Most of the “machine learning” of MedCAT is actually around the disambiguation step and the standard NER is dictionary based with a spell-checker that runs first and some lemmatization depending on your configs.
You likely are using a model that does not have dictionary entries for your use case and you’ll need to either add more entries to the CDB whether it’s manually or via training.
The supervised training process will add new entries if they are not there.
Thanks for your response. I appreciate it. Thanks for explaining that. It was helpful. I will consider adding new entries via training/manually.
Based on my previous discussion with Anthony, from last year, I am trying to reproduce the MedCAT demo hosted at https://medcat.rosalind.kcl.ac.uk/. I have used NHS TRUD Snomed International files for mapping Snomed codes further to ICD-10/OPCS-4 codes. I was under the impression that this should enable me to produce the same results as the demo. However if you see the image attached below from the MedCAT demo for the same test_string, the entities recognized show better performance. For instance, “Epidural Injection” being an important entity.
In this context, could you please advise if I am missing any step to reproduce the above implementation? Maybe which base modelpack was used for the demo could be helpful.
Also, I am interested to know, if you can advise regarding the possibility of using NER from another spacy model, replacing the dictionary based MedCAT matching and use it along with the ontology linking capability of MedCAT.
I understand this is a complex work area and I just want to mention that any help and guidance from your end is highly appreciated.
The Demo is there for demonstrative purposes.

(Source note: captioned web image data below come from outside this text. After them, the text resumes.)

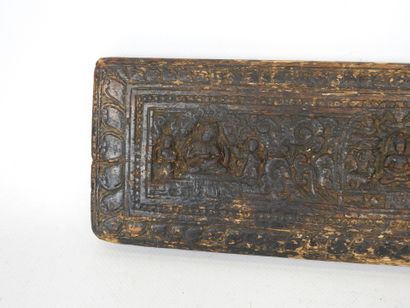 INDIA: Wooden panel with bas-relief carved...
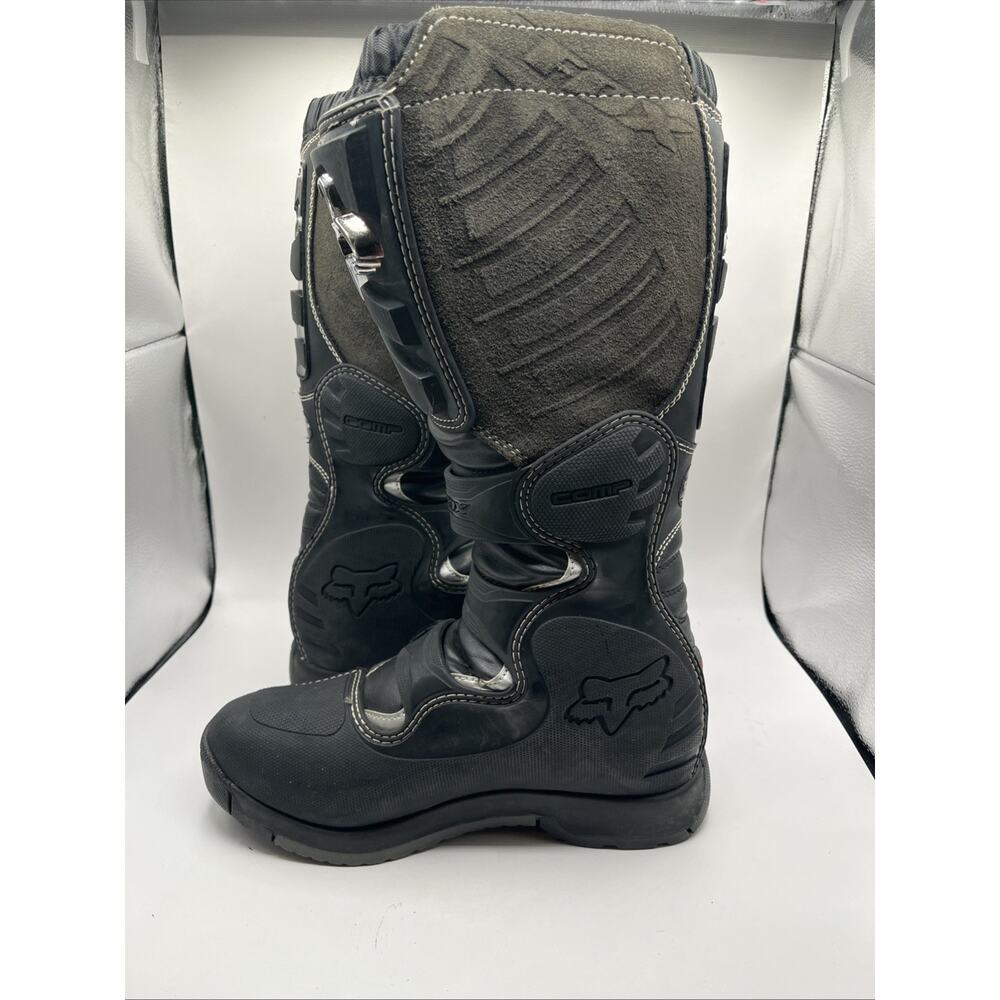 Fox Comp 5 Adult Motocross Boots Men’s Sz 9 Black MX ATV Dirt Bike Gear Shoes - Picture 8 of 14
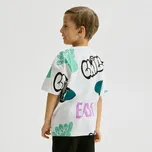 Reserved - Bavlněné tričko s potiskem - krémová - 967HR-01X - 967HR-01X-146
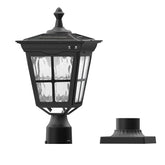 18 in. Black Outdoor Frozen Ice Glass Solar Post Light with Pier Mount Base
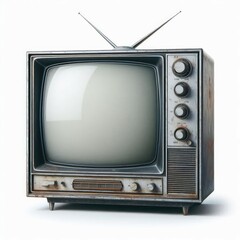 Old Classic television retro vintage tv style with clipping path isolated on a white background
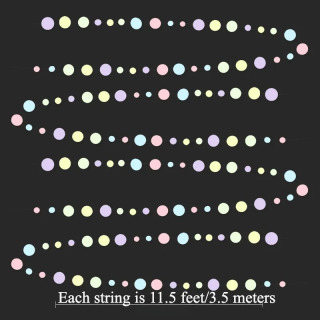Pastel вечерние украшения, синие, фиолетовые, розовые, желтые, зеленые круглые, для макарон, для детского душа, бумажные растяжки в горошек
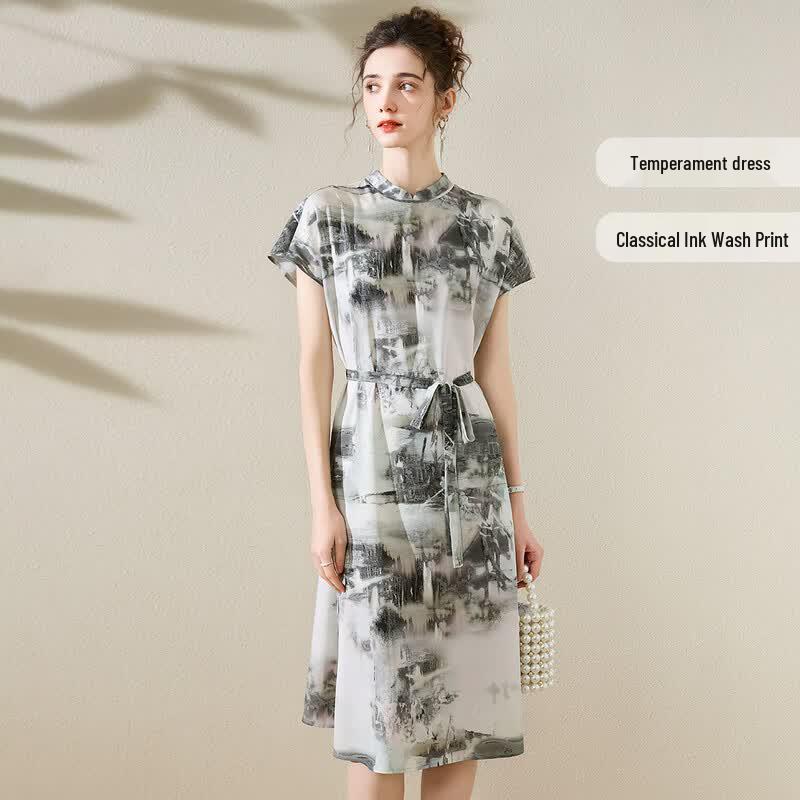 TUHUANG Mulberry Silk Chinese Style Ink Wash Tie-Dye Dress
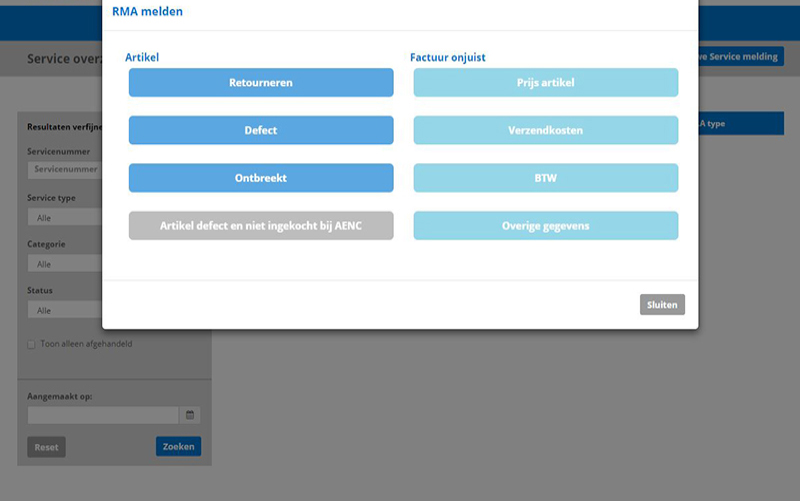 Service- en supportmodule Login Portal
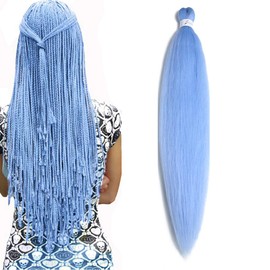 BALINGHAIR Braiding Hair Pre-Stretched Kanekalon High Temperature Synthetic Fiber Braid Hair Light Blue (A33-1Pack)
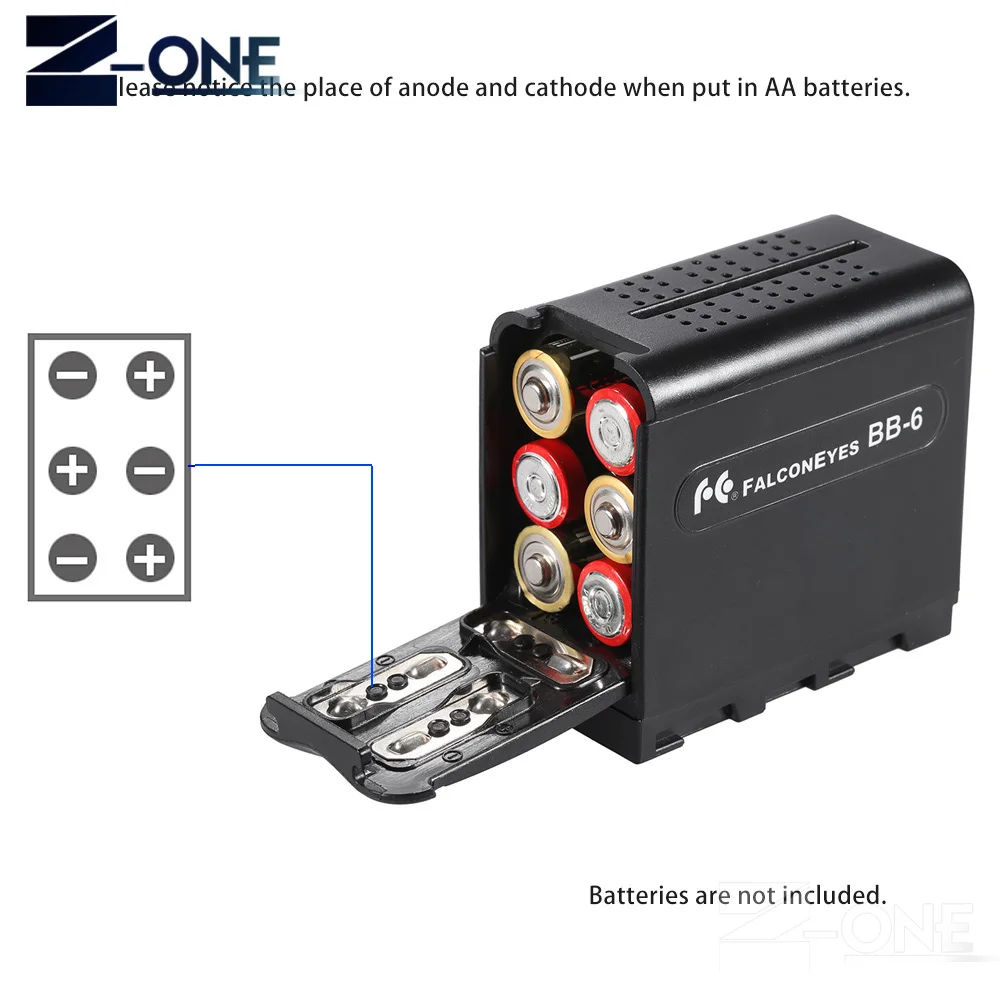 BB-6, 6 шт., чехол для батареи AA, аккумулятор, держатель питания, как NP-F, батарея серии NP-970, светодиодный светильник, панель/монитор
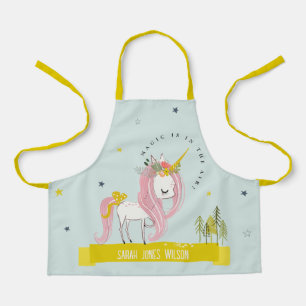 Whimsical Magical Unicorn Pink Aqua Princess Kinde Schürze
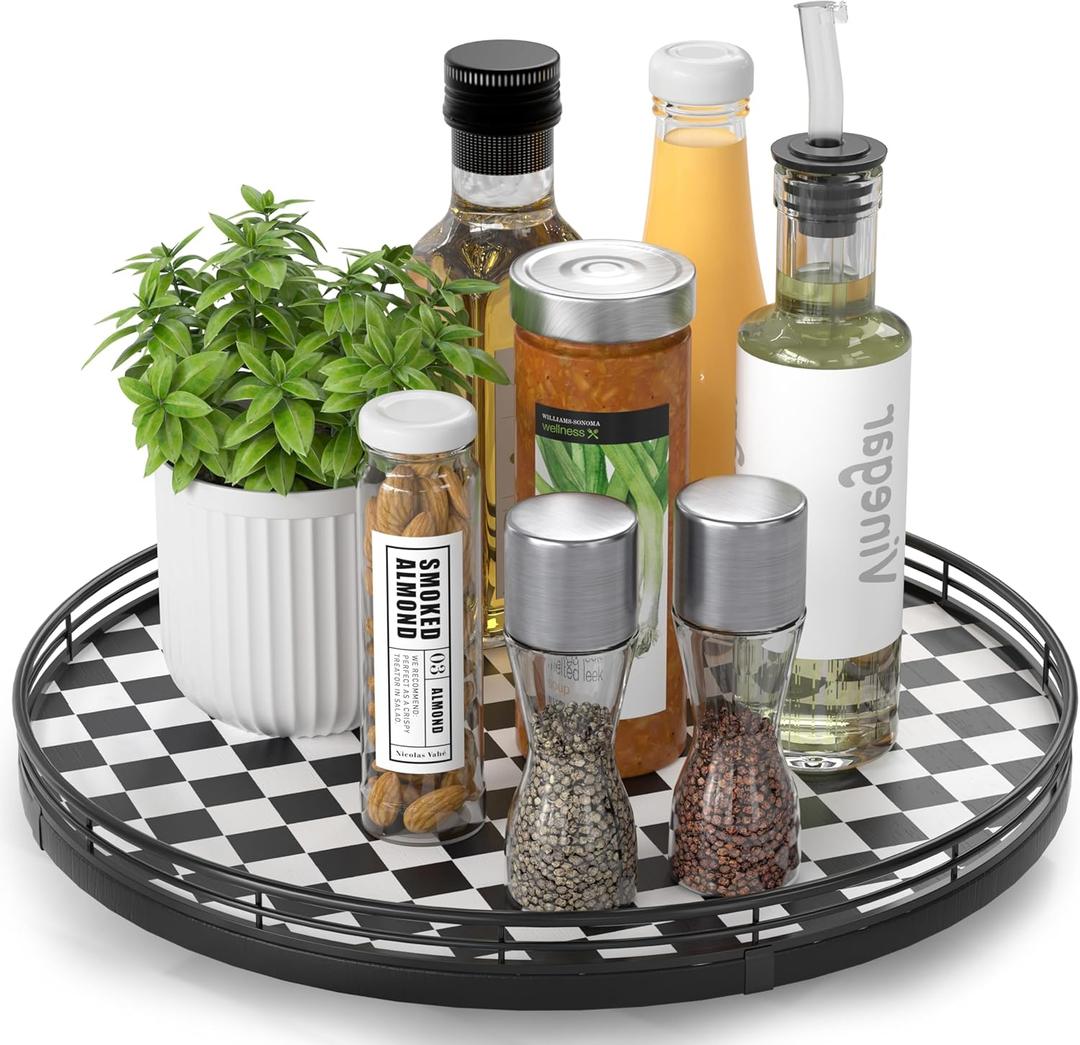 Black and White Kitchen Lazy Susan Turntable  Checkered Round Decorative Tray, 13 Table Top Oak Wood Lazy Susan for Cookies, Dining Table Organizer, Small Kitchen Table Centerpiece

You should in theory be able to download the demo artifacts, build the CAT from vocab and cdb, and run inference over your documents but there are many potential issues like miss-match of libraries, etc. that could go wrong.
You could verify that epidural~injection is included as a name in your CDB that you are using locally. If not, then you’ll have to add that name to your CDB. The NER is dictionary based so it’s only going to detect entities that are in the dictionary.
I have not personally tried adding another NER component but in theory it should be possible.
The NER component is a spacy pipeline component, it reads in a doc and returns a doc. In Medcat, the NER returns a doc with additional annotations.
In theory you could either subclass Pipe or remove the pipe and add a new pipe. Your new pipe would need to add similar annotations to the doc in the form of doc._.ents in order for downstream components (really the Linker) to work properly.
I would recommend enriching your vocab first before trying to add a new NER model. I have given what I would do to get started using a separate NER component but I haven’t tested it so this is just a rough sketch of how to get started.
That was really insightful. Thanks a lot for your response.
I will try the approaches you suggested. I appreciate your support. I hope we can keep in touch to keep exchanging ideas and approaches around this work. If possible, I request you to please share your email address for the same.